MY MUSHROOM RISOTTO

MY MUSHROOM RISOTTO

Risotto is one of those dishes that everyone try to make at some point, and one of those dishes that many “experienced” cooks and chefs criticise people for not making it al dente enough, or too much for that matter…., for it being too saucy etc etc….basically you will never make it “right” in some people’s eyes. Personally I feel you should make these, andany dish for that matter how you like them yourself …and that is what this recipe is. I have tried several different versions over time and this is my own collated version from several experiments and the one I find works well for me and my taste. Everyone who has had is, is either being really polite, or likes it too – so why not give it a go? 

I tend to make this by eye now, having made that many times, but I have included measurements for this purpose. It may seem a little strange the stock I “make” first off but I feel this adds a lot to the dish itself and makes a far better flavour than just a basic stock.  

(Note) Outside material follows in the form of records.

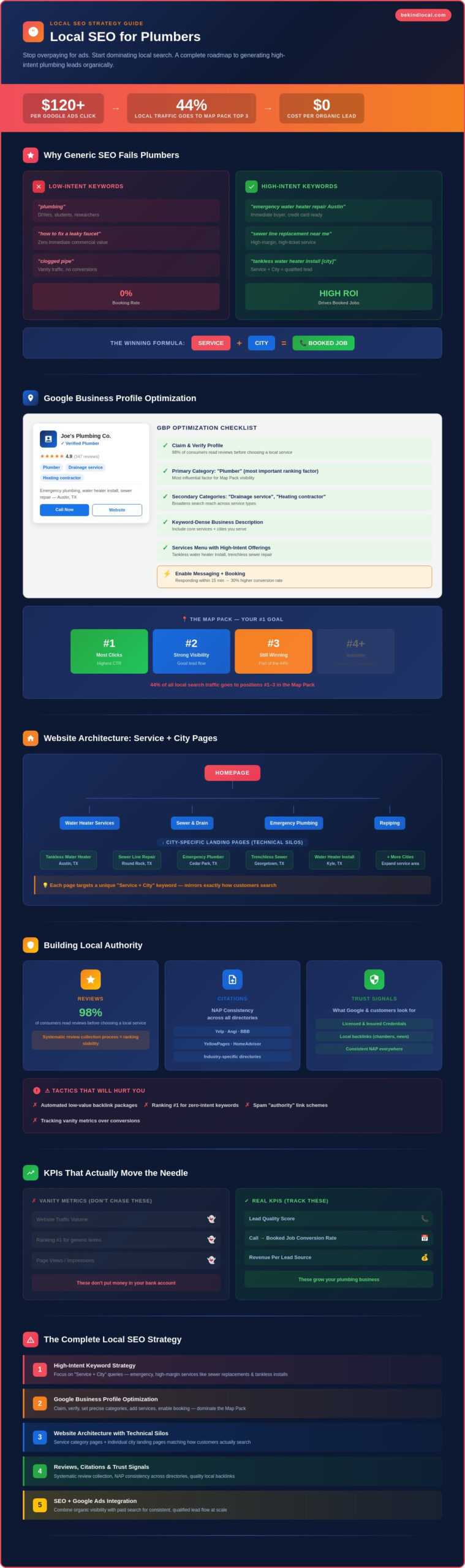 Local SEO for Plumbers: A Strategic Guide to High-Intent Lead Generation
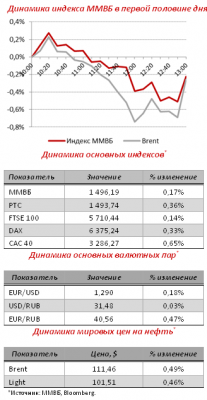 Мировые биржи поддерживают отечественный рынок, акции в плюсе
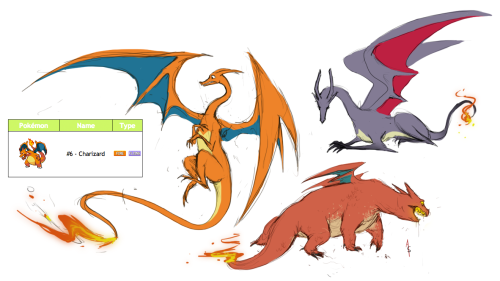 cocoaferret:(Click high-res for a better view!) I forgot to reblog the thing but CHURZURDS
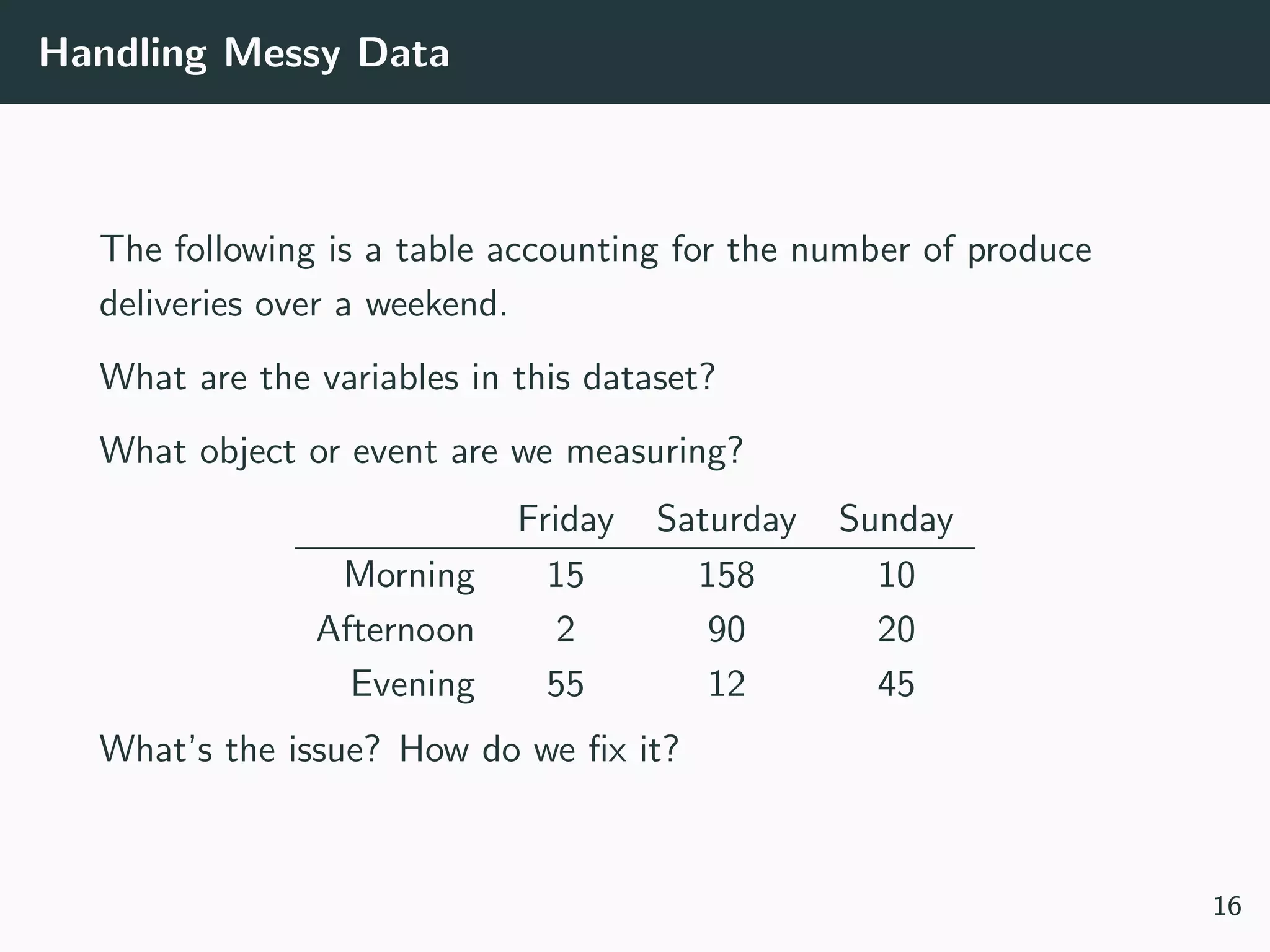 Handling Messy Data
The following is a table accounting for the number of produce
deliveries over a weekend.
What are the variables in this dataset?
What object or event are we measuring?
Friday Saturday Sunday
Morning 15 158 10
Afternoon 2 90 20
Evening 55 12 45
What’s the issue? How do we ﬁx it?
16
 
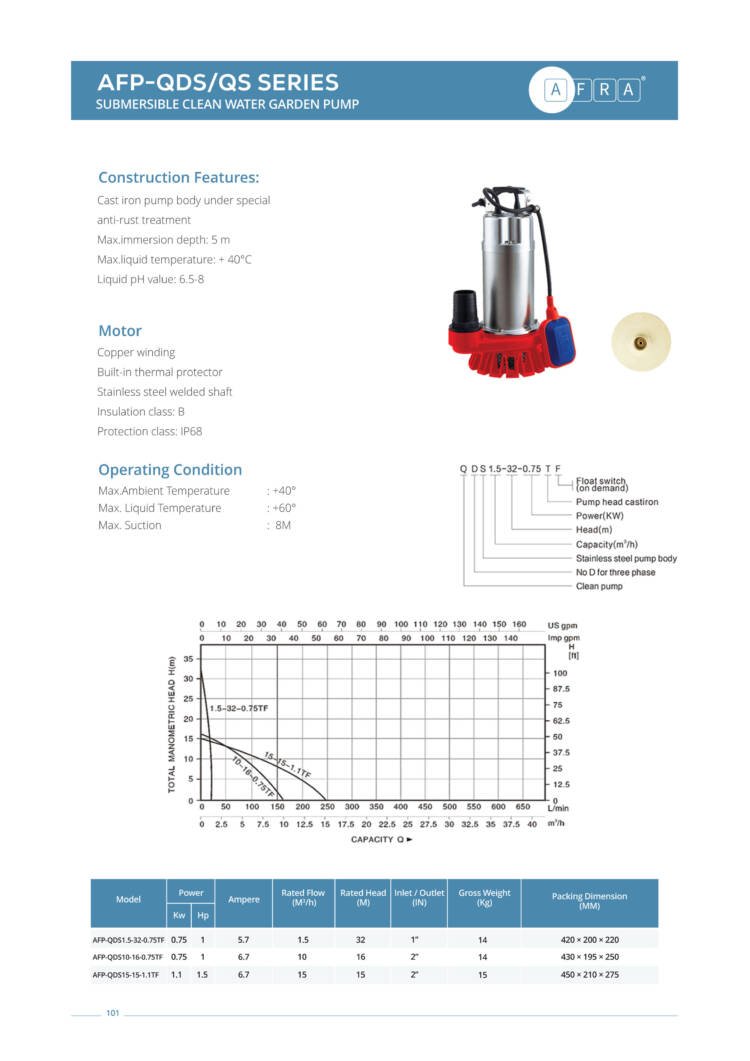 SUBMERSIBLE CLEAN WATER GARDEN PUMP AFP-QDS/QS SERIES - Image 2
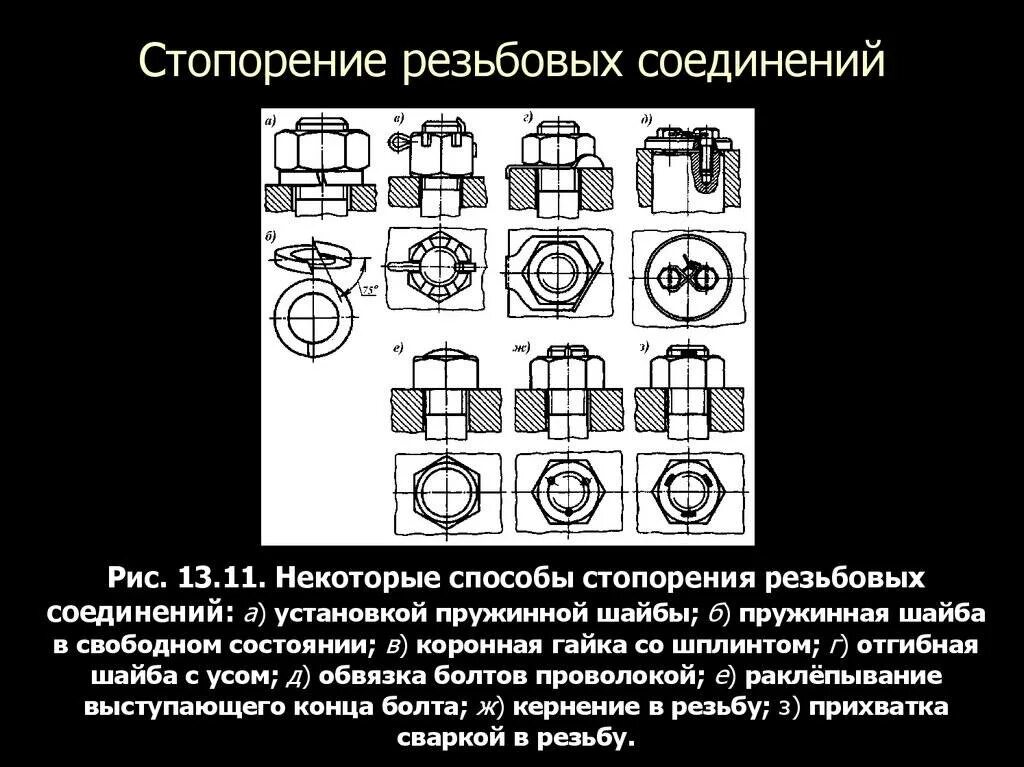 Стопорение гаек проволокой. Способы стопорения болтовых соединений. Стопорение винтов проволокой. Стопорение резьбовых соединений установочным винтом.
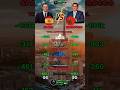 Spain vs Morocco Military Power 2025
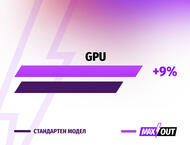 Лаптопи ASUS TUF Gaming F16 FX608JMR-RV139 - MAXOUT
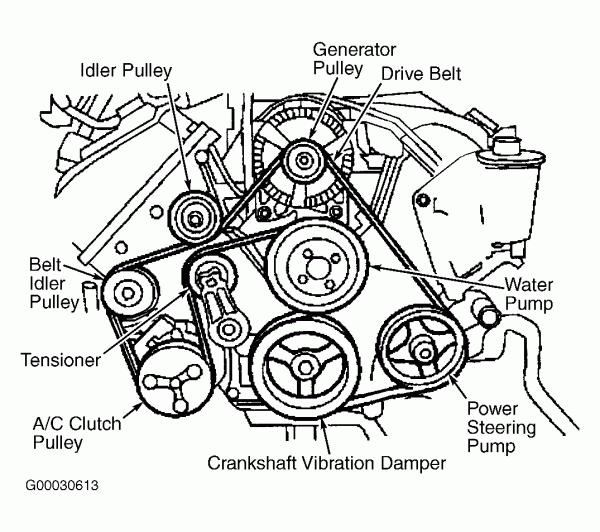 2001 Ford Focus Belt Diagram
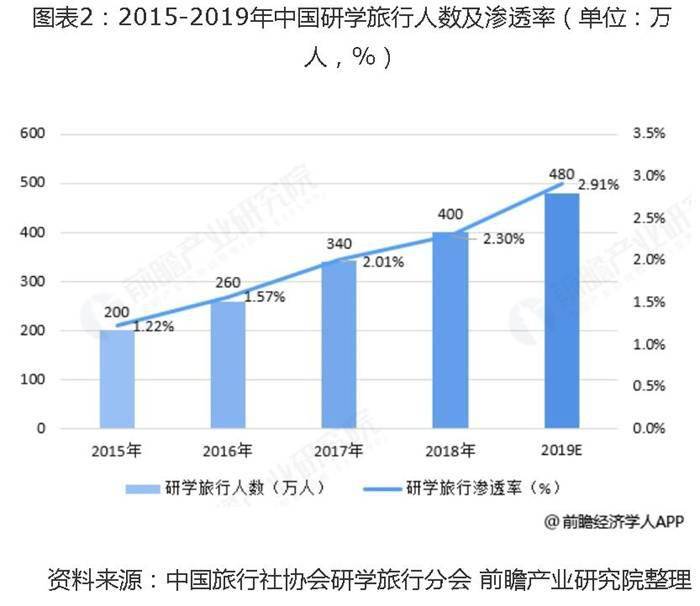 经济人口往来_地摊经济(3)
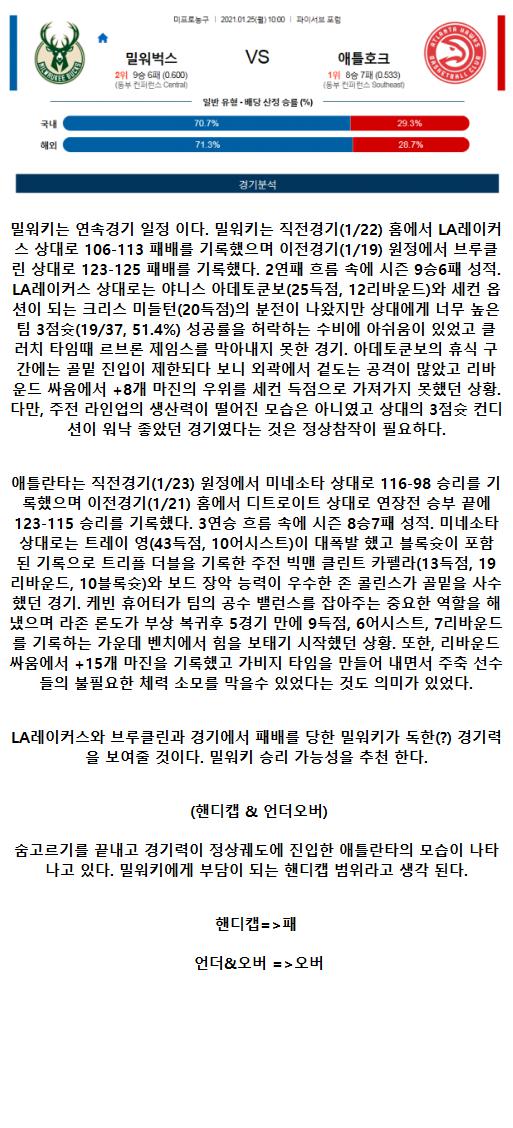 2021년1월25일 밀워키 벅스 애틀랜타 호크스.png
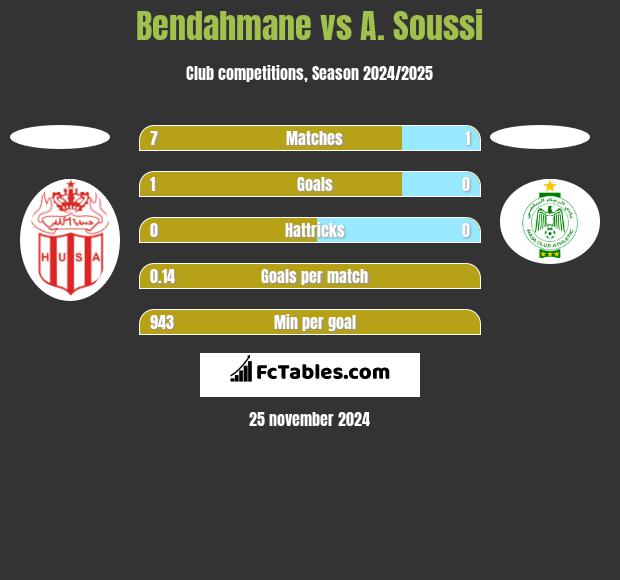 Bendahmane vs A. Soussi h2h player stats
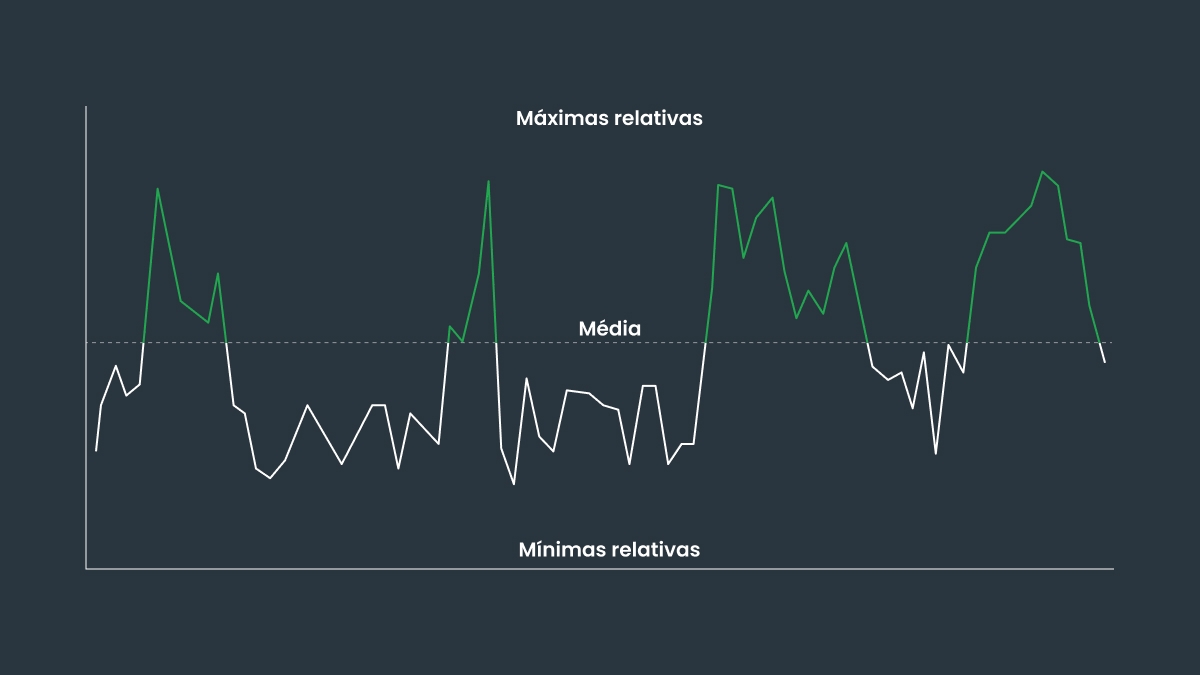 Como utilizar a reversão à média na negociação Forex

As for what mushrooms to use…. it’s really up to you!!! I mostly use normal field mushrooms, simply sliced, the ones you can get from and grocers or supermarket, and often use chestnut for a deeper flavour and colour to the dish. I don’t trend to use button ones due to their size but that is a personal preference. Mix up as much as you want but there is no need for expensive or exotic ones unless you want to.  

 

 

Ingredients 

 

Stock  

  • ¼ large onion (or half ½ small onion) finely diced 

  • 2 x Tbsp Olive Oil 

  • 3 x Tsp Dried Thyme 

  • 2 x Cloves of Garlic crushed – I have used paste before to no detrimental effect 

  • Vegetable Stock Cube – you could use “proper” stock here, but there is no real need to  

  • Approx 350ml boiling water  

  •  

Risotto itself  

  • Remaining onion from above – either ¾ large or 1 ½ small ones finely diced 

  • 250g mushrooms, sliced – Use whatever you want! See above  

  • 4 x Tbsp Olive Oil 

  • 200g Risotto Rice – I use Arborio 

  • Approx 100ml Dry Vermouth (optional) – white wine will do just as good if no vermouth 

  • 50g (good handful)Grated Parmesan Cheese – plus more for serving 

  • 20g Butter – cut into chunks  

 

Method 

 

First, I make the stock for this dish. Using a small saucepan, heat the oil then add the onions and garlic and fry for 3 or 4 minutes over a medium heat until starting to soften. Add the thyme and the crumbled stock cube, stir for about 30 seconds before adding the boiling water. Stir well to dissolve the cube and bring to the boil for a couple of minutes to ensure all cooked and combined.  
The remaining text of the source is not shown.